Projects aim to understand the effect of female chromosomes and estrogen on diabetes and heart disease, develop the use of artificial intelligence to improve “Pap” smear testing for cervical cancer, investigate the basis for life-threatening hypertension that develops because of pregnancy, and explore new approaches to treatment resistance in ovarian cancer.
2021 awardees include:
- Gaoyan Li, PhD candidate, and Xia Yang, PhD, Professor, Department of Integrative Biology and Physiology, "Dissecting the effects of sex chromosomes versus gonads on cellular gene expression and metabolic diseases" (Young Investigator Award)
- Yael Raz Yana, MD, PhD, postdoctoral scholar, and Sandra Orsulic, PhD, Professor, Department of Obstetrics and Gynecology, "Artificial intelligence assistance to improve classification and management of cervical cytology" (Young Investigator Award)

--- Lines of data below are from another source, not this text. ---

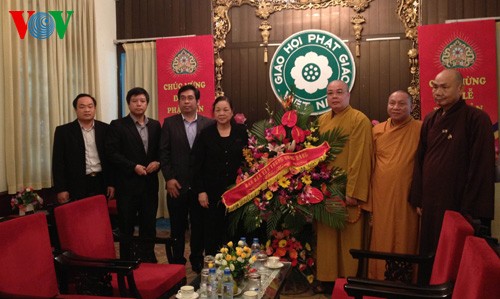 Achèvement des préparatifs pour la fête du Vesak au Vietnam - ảnh 1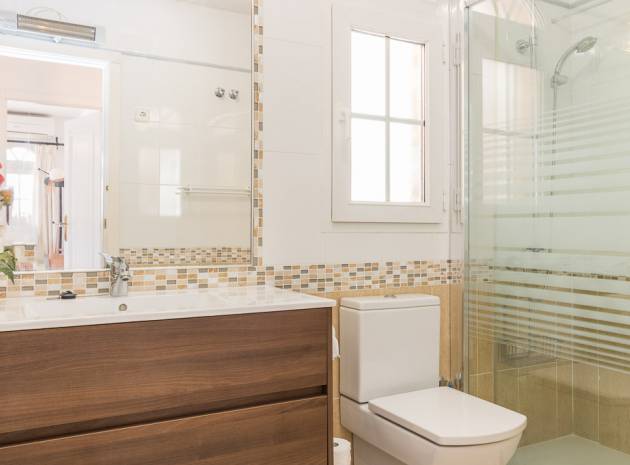 Återförsäljning - Villa - Playa Flamenca - Res. Montilla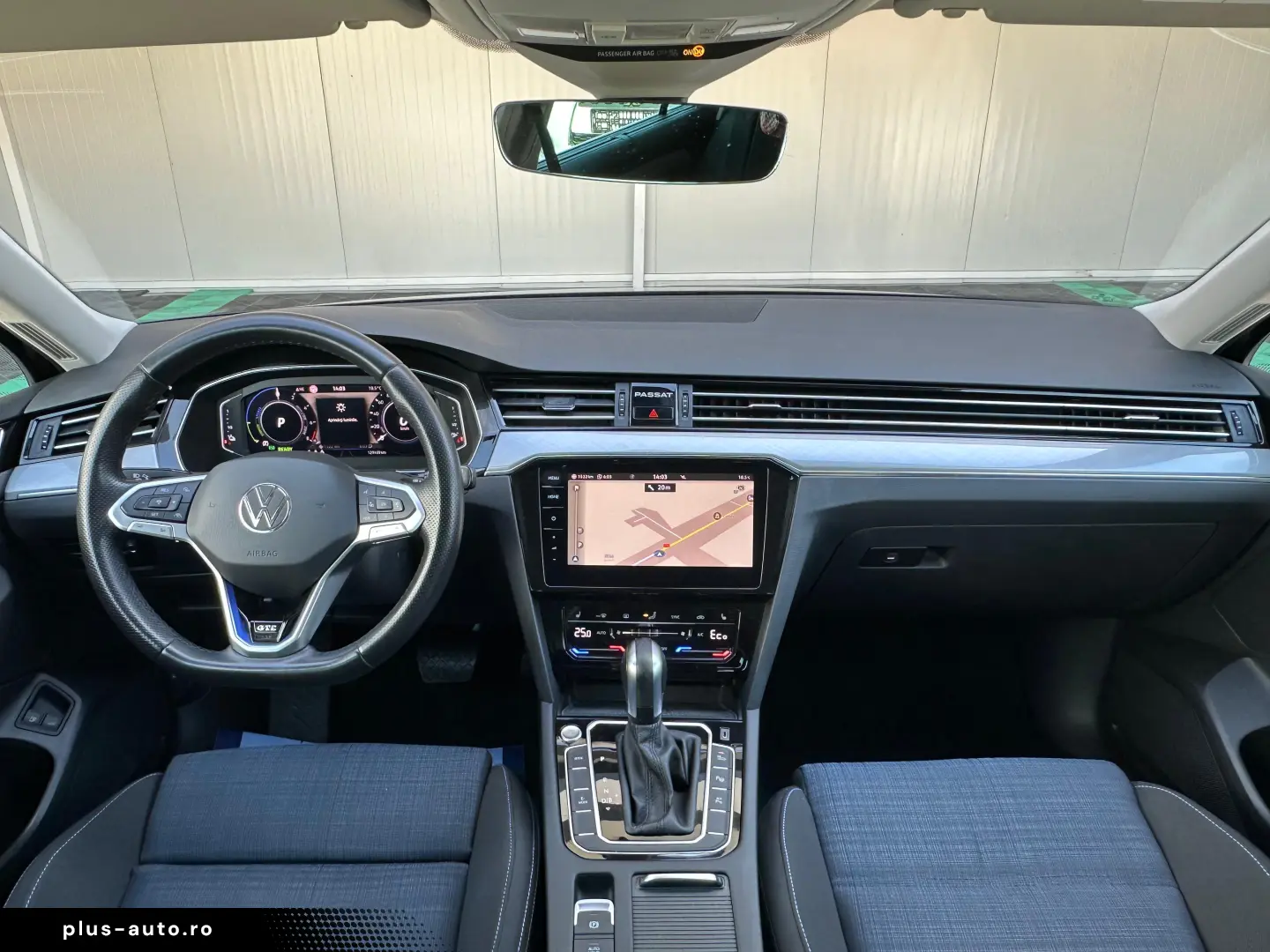 Volkswagen Passat GTE SW 1.4 Benzina Hibrid 156 CP An 2021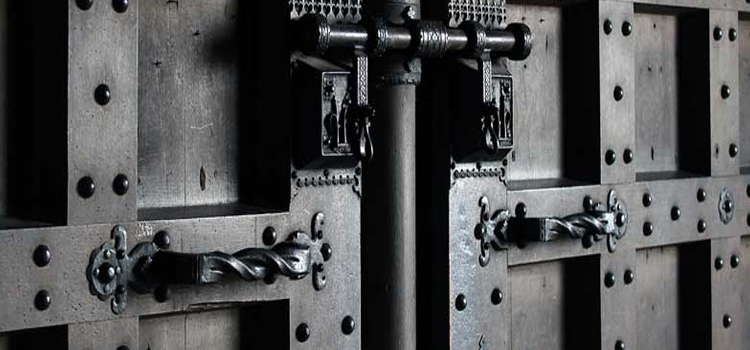 steel entry door repair in Alta Sierra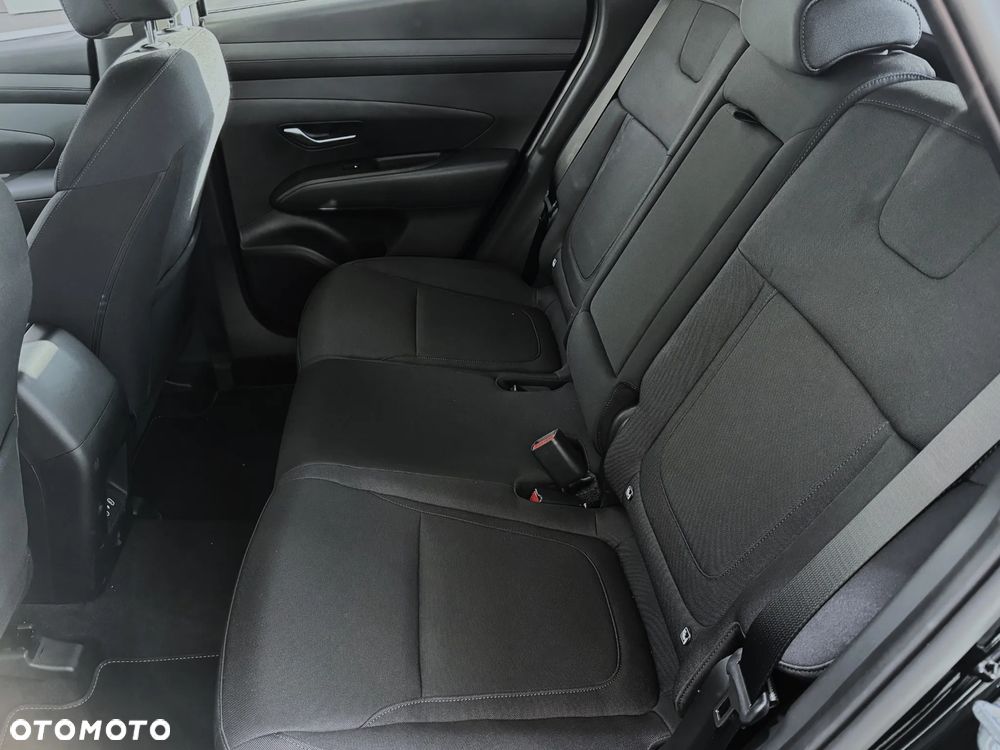 Hyundai Tucson 1.6 T-GDi HEV Modern 2WD - 12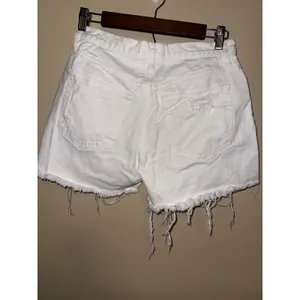Free People We The Free Makai White Distressed Cut Off Denim‎ Shorts Size 27 thumbnail 3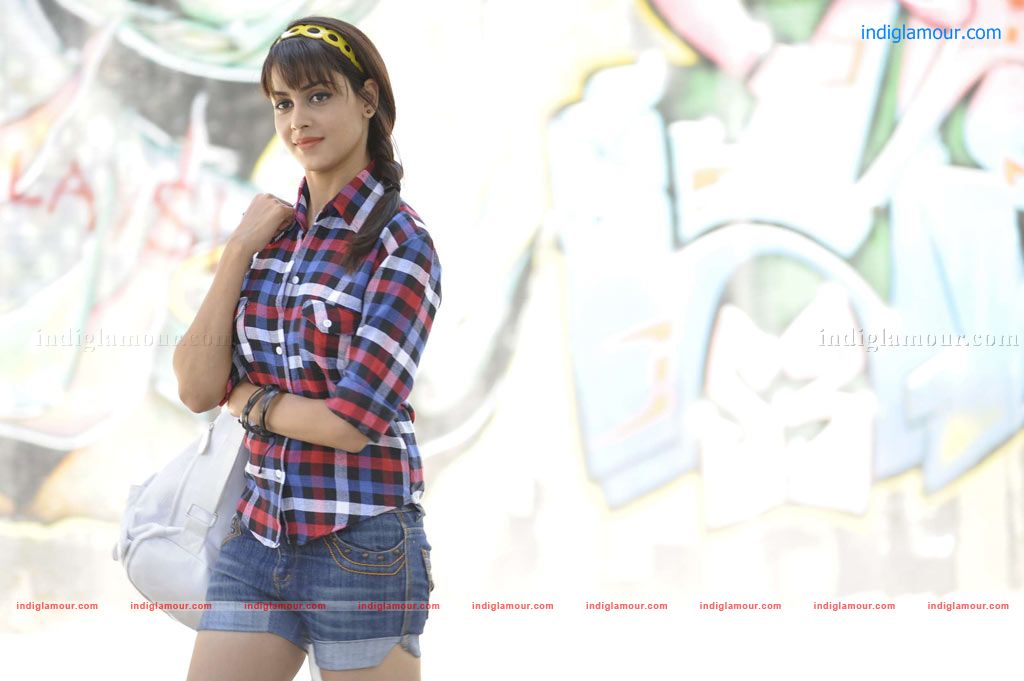 Genelia Actress hd photo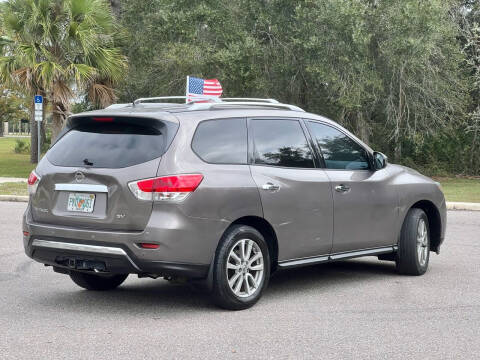 2014 Nissan Pathfinder SV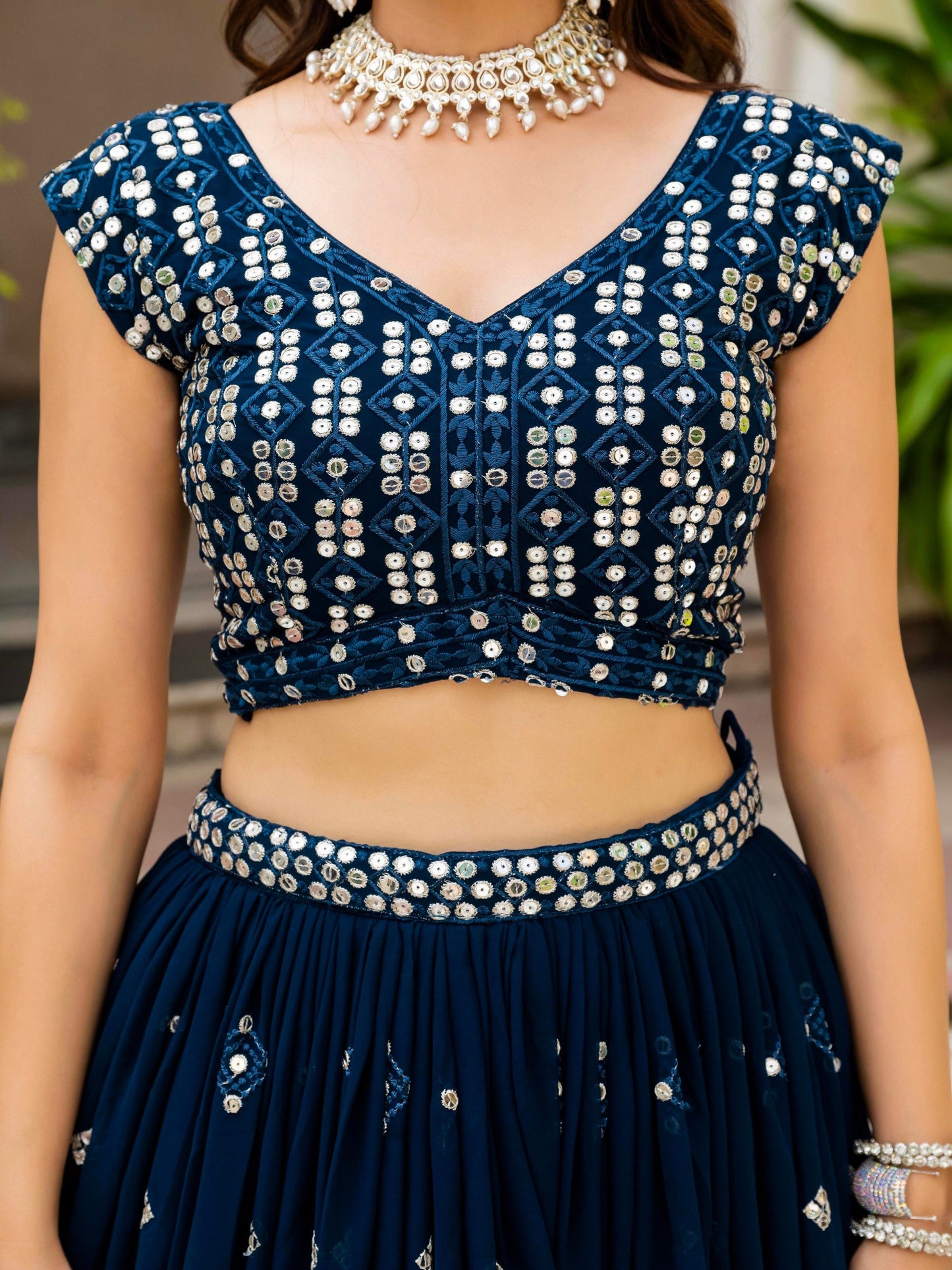 Einführung eines 4 Meter ausgestellten Coding Sequins Cut Work Lehenga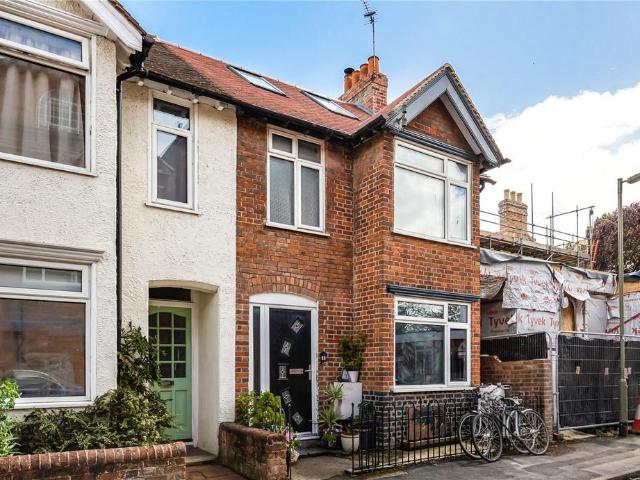 House for sale in The Slade, Oxfordshire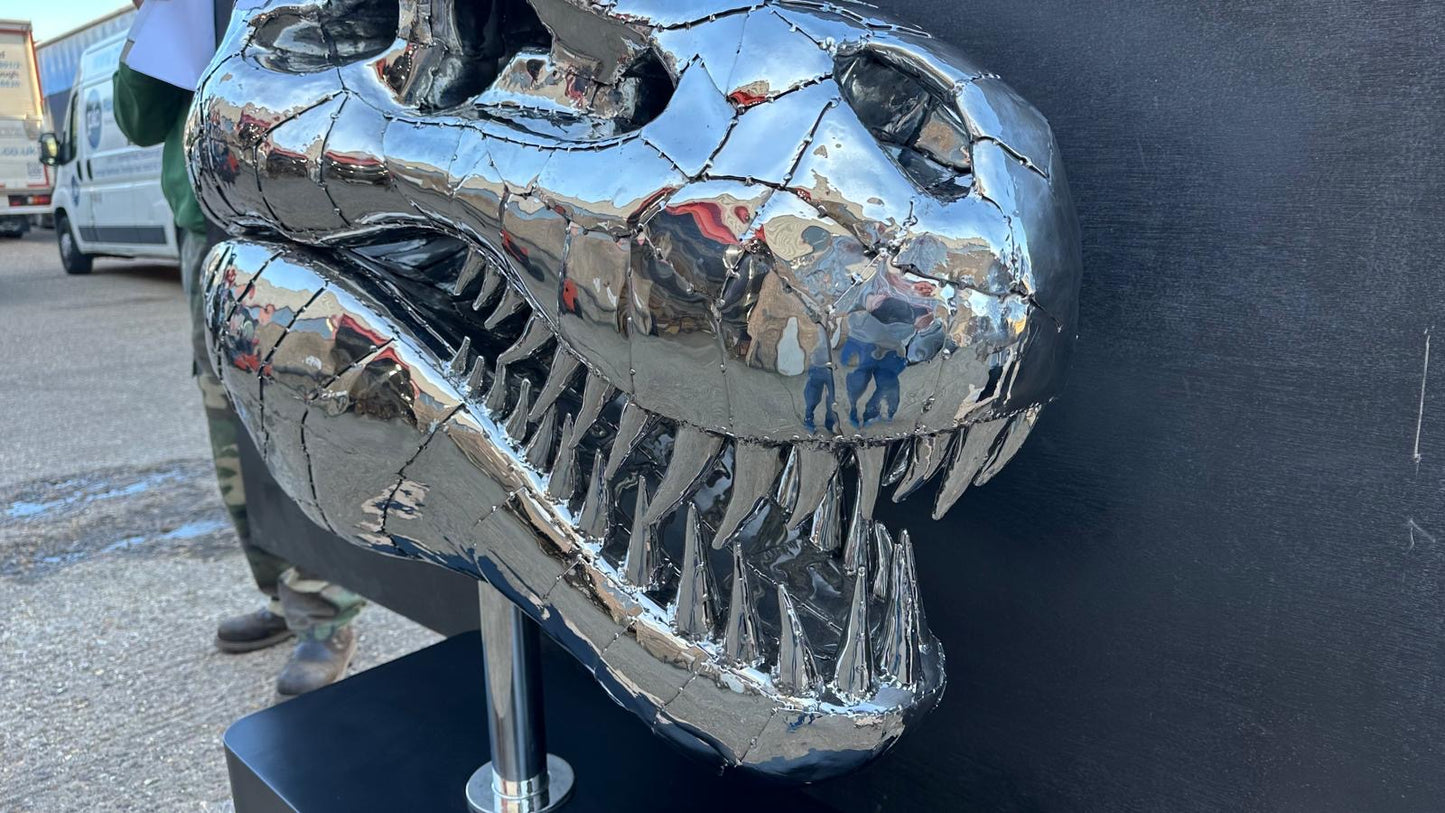 “Art Paris” sculpture, one of a kind, T-Rex skull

- Kelsey Jarrett, PhD, postdoctoral scholar, and Thomas Vallim, PhD, Associate Professor, Departments of Medicine (Cardiology) and Biological Chemistry, "Sex differences in bile acid composition and atherosclerosis" (Young Investigator Award)
- Allison Sharrow, PhD, postdoctoral scholar, and Lily Wu, MD, PhD, Professor, Departments of Molecular and Medical Pharmacology, Urology, and Pediatrics, "Mechanism of tumor associated macrophage expansion in ovarian cancer" (Young Investigator Award)
- Amanda Collier, PhD, postdoctoral scholar, Lydia Lee, MD, PhD, Assistant Professor, Department of Obstetrics and Gynecology (Maternal Fetal Medicine), and Kathrin Plath, PhD, Professor, Department of Biological Chemistry, "Establishing a model for human placental defects in preeclampsia" (Pilot Award)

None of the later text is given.